Beyond: Two Souls videogame review

X-Men’s Ellen Page stars in the confused but ambitious Beyond: Two Souls

Ellen Page stars in Beyond: Two Souls, a kind of interactive adventure framed in a flawed but sometimes convincing cinematic fashion. Page voices and has been motion captured for the role of Jodie Holmes, a troubled young girl who shares her mind with an out-of-body object-bothering spirit called Aiden, in a tale that jumps backwards and forwards between key moments in her early life that the player interacts with and can even change.

If that sounds a bit like the premise of a bad Syfy movie – and not the Sharknado kind, but instead a Nineties one that nobody, even the people that commissioned it, remembers – then that’s because there is an inherent conceptual daftness about the plot of Beyond that you never quite shake off.

Jodie ends up joining the army, becoming part of a homeless community and going on the run as a fugitive; the lack of subtlety to the premise filters down to all these exaggerated scenarios and they’re not exactly strung together with any elegance. Yet Beyond‘s story is really just movie-like on a superficial level, and is actually a means to an end to put the player in interesting circumstances where they can understand how misunderstood Jodie is by the people in her life. It’s all a bit sad, really.

The moment-to-moment existence of Jodie is where the game’s emotional beats are more organically woven into the narrative, then. These can be brilliantly effective, elevated by Ellen Page’s performance, who is clearly passionate about the material (Willem Dafoe, who co-stars, is less convincing). These instances can be as simple as having a snowball fight with kids in the street, playing the guitar and busking for change, or choosing how she responds when people ask about her double life with a naughty ghost.

Beyond is impressive in the way accumulates these small, realistic flashes of characterisation that shape who Jodie is.
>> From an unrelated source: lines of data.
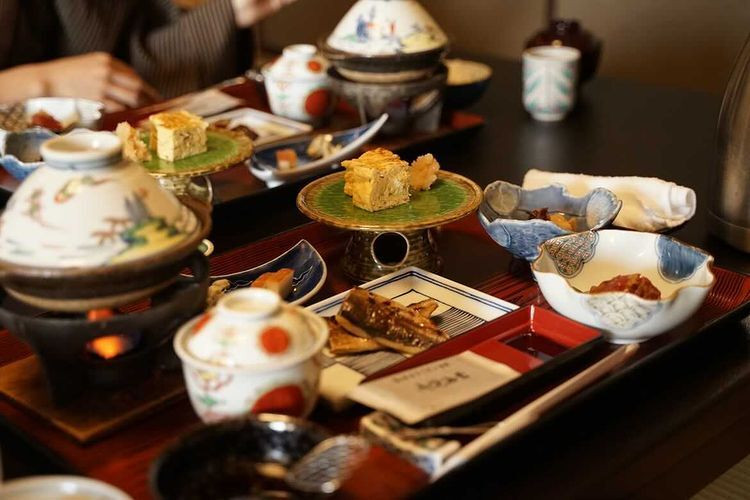 おかずの種類がたくさんの和定食。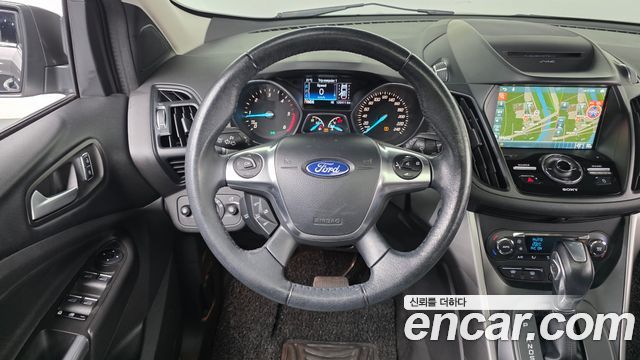 Ford Kuga 2016 — photo 13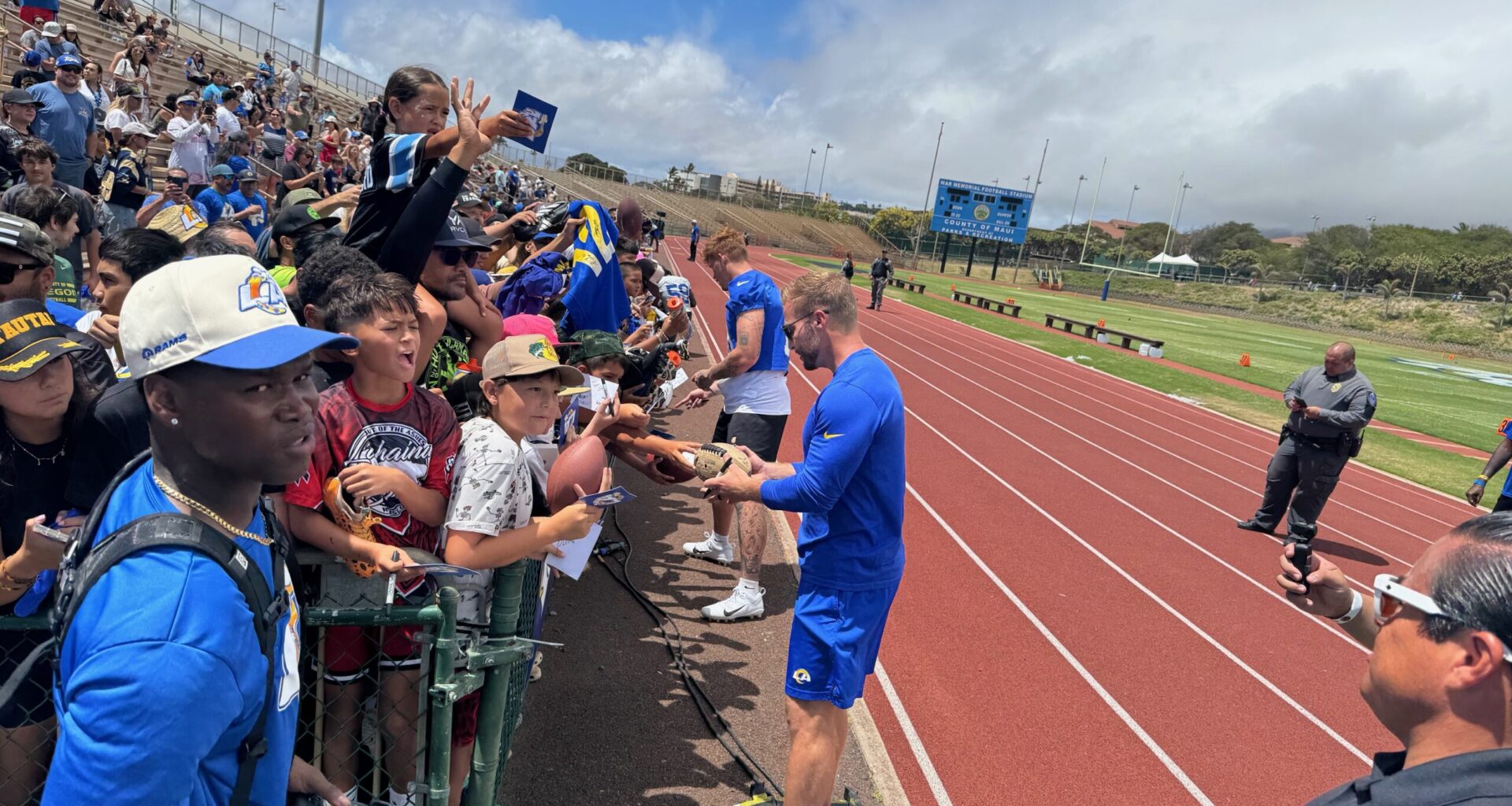 Los Angeles Rams’ ‘Mauicamp’ treats kids to NFL experience; Bissen hopes to make it an annual affair : Maui Now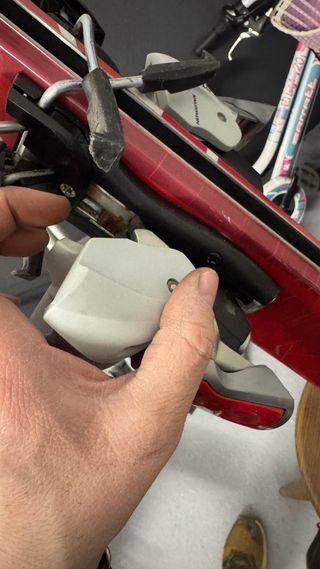 Esquís rojos quechua fijaciones salomon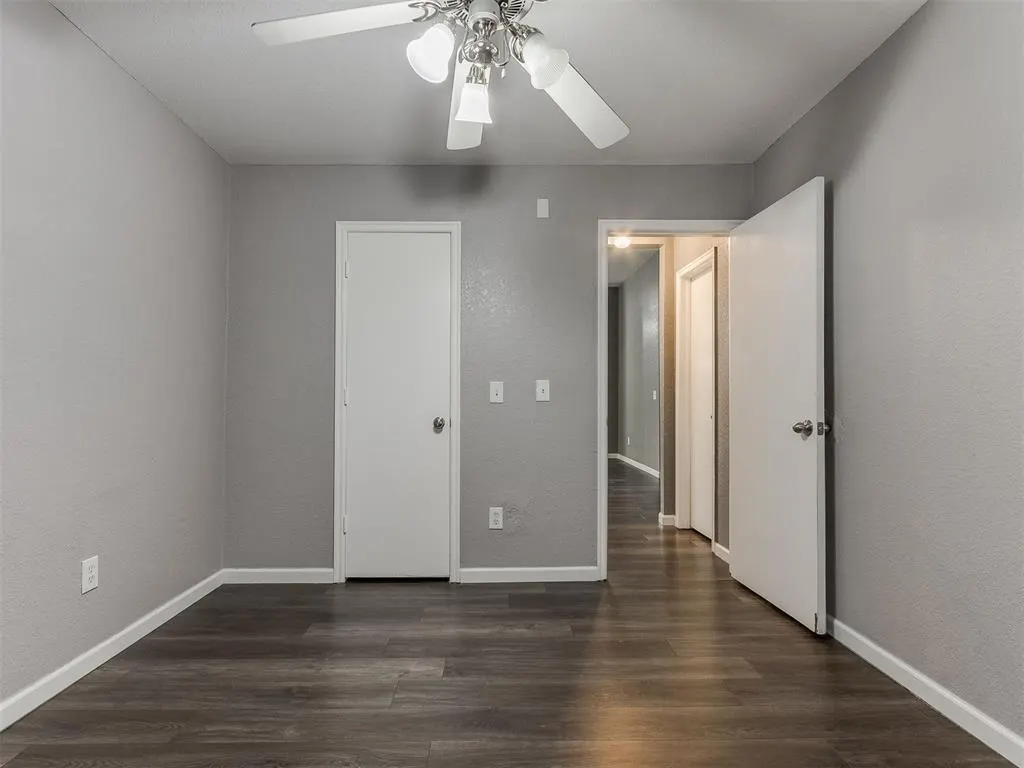 Photo 7 — 240 SE 23rd Street, Moore, OK 73160
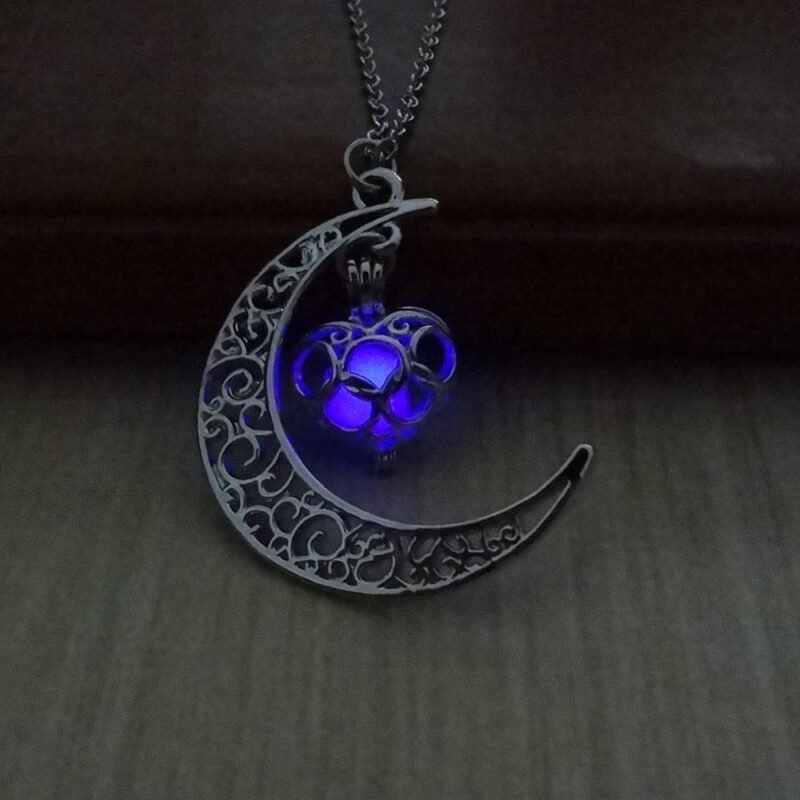 Glowing Pendant Necklace - Image 9
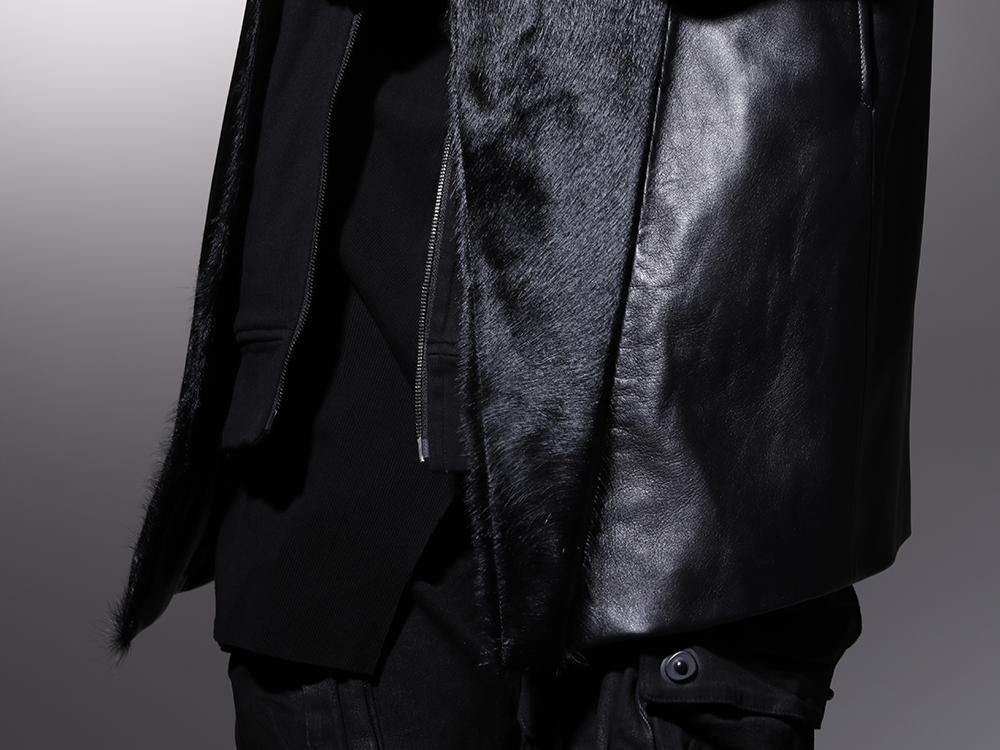 JULIUS 2022-23AW - A stylish vest with a hoody look for a casual look. - 797VEM2(Lamb Skin / Cow Hair Vest) 799CUM21-Black(Front Zip Sweat Hoodie Black) 799CUM25-Black(Rib Asymmetry Cutsewn Black) - 2-007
It’s rare to see a game make time for the quiet moments, and though they’re not all winners and are subject to hammy scripting, the way they inform Page’s performance means that the effort was well worth it.

So unfortunately, it’s the supernatural side of Jodie’s existence that means Beyond doesn’t quite realise its full potential. Most of the game-y bits are left to the ghostly spirit of Aiden – you can float around the world, attacking and healing people, as well as opening doors and moving objects in a way that shits up the civilians surrounding Jodie. It’s just not a good thematic match for the level of drama that director David Cage is going for and is more than a tad silly, though a REC-like part of the story in a basement of a building finds a smart way to use this spiritual realm idea to garner a few good scares.

There’s a bit too much of Beyond, as well, and a couple of instances could either have been shortened or cut out entirely to give the Jodie’s story a bit more energy. Yet, while Ellen Page’s casting may seem like a marketing-friendly novelty for a videogame, the effort of that performance, the way it’s employed and the empathy you have for Jodie as a result is a quiet triumph on the part of Quantic Dream’s designers. In other words, the interactivity means something – the creators have admirably fused gameplay and storytelling together.

Beyond shouldn’t be a movie or a TV show – it should be a game, since the framework of the way the story is delivered lets you leave a little bit of yourself in the way it progresses, with multiple endings to ratify your choices. This means Beyond ends up being quite tricky to rate. Objectively, there are a lot of problems with the basic premise and execution of the overall idea, yet there’s a little slice of wonder to the smaller story moments that no other game will channel so effectively. A confused and flawed but ambitious effort.